By Rostyslav Averchuk
Lviv, Ukraine, Nov 28 (EFE).- As Ukraine braces for winter while Russian missile attacks continue, some cities are asking their residents to be ready to move to villages in the countryside, which provide a certain degree of autonomy from the country’s centralized supply services but also suffer from power outages.
The road from Lviv to the village of Sokolia near the Polish border is pitch dark. The only lights come from the passing cars and the occasional illuminated chapels along the roadside. Just like the cities, much of the countryside has been plunged into darkness.
“Even the German Nazis didn’t make the civilians suffer as much as the Russians do,” Ivan, a 61-year-old man, told EFE in an interview.
The memories of the world war, passed down through generations, inevitably come to his mind.
He said he feels in a better position than many residents of the eastern and southern Ukrainian regions, which have been devastated by the Russian invasion.
“I have gas-powered heating so at least it’s warm inside,” he said.
With a well in his yard, Ivan doesn’t have to worry about his supply of water either.
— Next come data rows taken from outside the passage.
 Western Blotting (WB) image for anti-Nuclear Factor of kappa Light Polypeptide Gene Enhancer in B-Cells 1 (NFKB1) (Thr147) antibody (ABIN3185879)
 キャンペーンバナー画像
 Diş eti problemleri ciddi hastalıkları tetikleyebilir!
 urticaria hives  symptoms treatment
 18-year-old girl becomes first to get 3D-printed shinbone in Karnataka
This year’s harvest from his garden, more than 30 beehives, a patch of arable land, as well as two cows and free-roaming chickens also provide him with a certain autonomy when it comes to food.
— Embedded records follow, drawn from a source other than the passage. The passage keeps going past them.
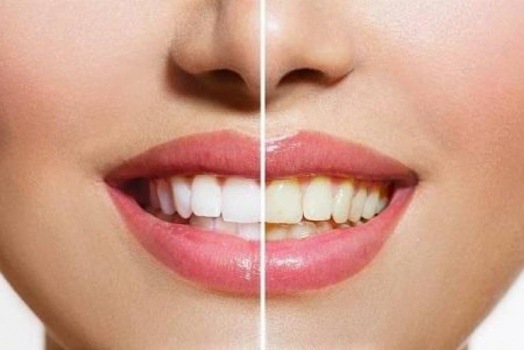 اصفرار الأسنان.. 6 أسباب غير مألوفة وطرق تجنبها
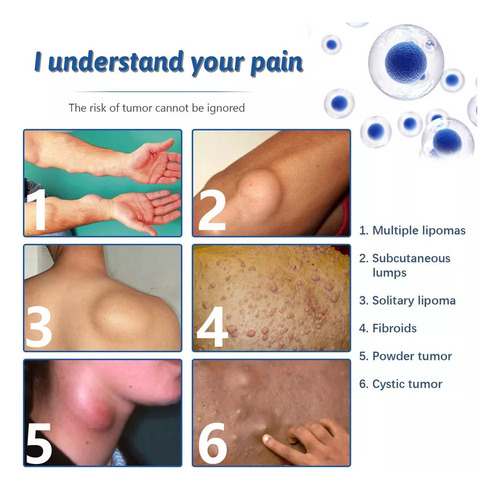 2× Crema Eliminación Lipomas Q Lipoma Crema Limpiadora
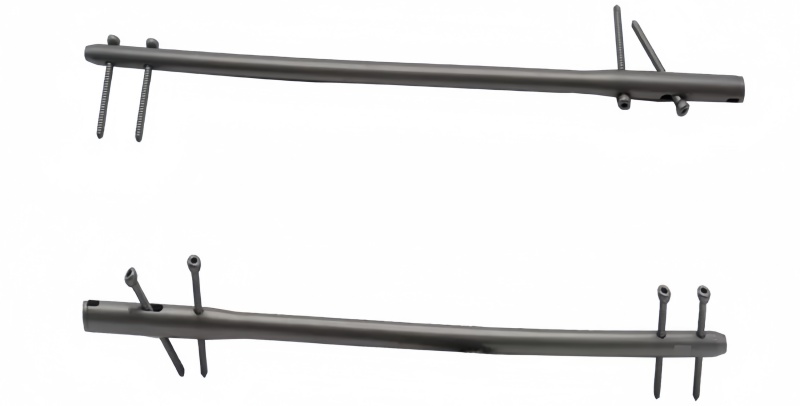 Femur Nail-CnOrtho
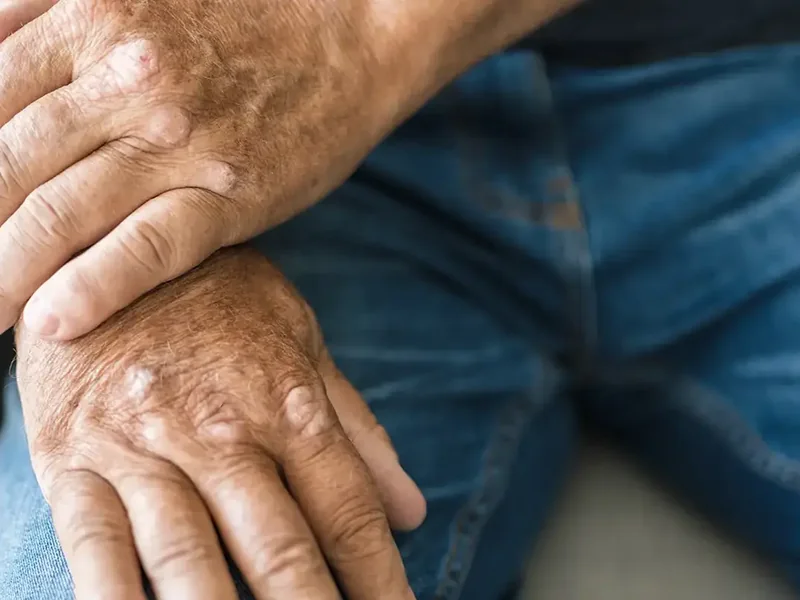 Shoulder pain treatment
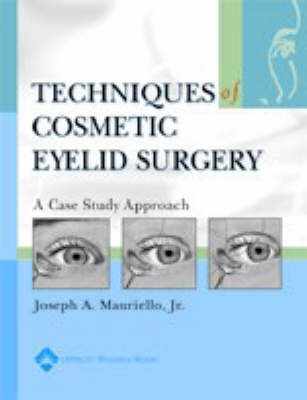 Techniques in Cosmetic Eyelid Surgery -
But there is no way of escaping the effects of the deliberate Russian missile strikes against Ukraine’s civilian infrastructure as the resulting emergency power outages have left the village without electricity for 10-12 hours on each of the last 10 days.
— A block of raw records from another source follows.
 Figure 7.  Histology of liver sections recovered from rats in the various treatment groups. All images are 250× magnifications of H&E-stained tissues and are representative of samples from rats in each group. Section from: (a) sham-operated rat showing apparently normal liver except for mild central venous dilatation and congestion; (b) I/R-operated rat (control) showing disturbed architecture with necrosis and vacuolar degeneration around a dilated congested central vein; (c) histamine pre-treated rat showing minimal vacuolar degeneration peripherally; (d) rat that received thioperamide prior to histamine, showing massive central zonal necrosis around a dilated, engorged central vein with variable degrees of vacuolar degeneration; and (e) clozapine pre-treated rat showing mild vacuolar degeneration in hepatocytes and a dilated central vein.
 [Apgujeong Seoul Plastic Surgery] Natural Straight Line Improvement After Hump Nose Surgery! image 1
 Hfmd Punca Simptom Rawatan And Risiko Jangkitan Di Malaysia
One of the problems the townspeople are facing is that their freezers are struggling to maintain the required low temperature, with meat and other products going bad faster.
Ivan said he was especially worried about what will happen if Russia starts shelling the gas transmission system. He disassembled the firewood ovens he had inside his home back in the early 2000s after the village was linked to the gas line.
“It’s a catastrophe,” said Igor, Ivan’s neighbor. Together with his wife, Slava, he moved to the countryside from Lviv years ago to live closer to nature. Now he has to worry about making it through the winter.
Igor is looking to buy a power generator for his home like some of the locals already did. It may be more difficult now as the demand from Ukraine means generators are becoming scarce even in the neighboring countries and are ever more expensive.
“In any case, it will only be a partial solution as it can only work for several (consecutive) hours … while we might have to live without electricity for days,” he said.
Igor has also been affected by the death of his wife’s nephew, who was killed during combat in the Donbas, and he worries it may take years to repair the damage to infrastructure caused by the Russians.
At least, he still has firewood stoves inside his home. Despite the lack of wood and soaring prices, Igor did manage to get some logs that he still has to cut and dry out.
Suffering from a fever for the last few days, Igor said he lacks the energy and the time to complete the job yet still has to go to work at a nearby fishing resort.
Meanwhile, long rows of firewood are stacked against the front wall of a nearby dacha. Countryside homes, owned by some city residents who used to have relatives in a village, serve as a backup option to many.
Some mayors, including Vitaliy Klitschko from Kyiv and Ivan Martsynkiv from Ivano-Frankivsk, have already asked the locals to move to the suburbs or villages where they could have independent an water supply and heating, thus taking some pressure off the city infrastructure.
Many will postpone the move for as long as possible, however, unwilling to leave their homes and the more developed infrastructure in cities. But they may have few options as the mayors are warning that heated sites, the establishment of which is just getting under way, will not be enough to handle the demand in the case of longer blackouts amid freezing temperatures.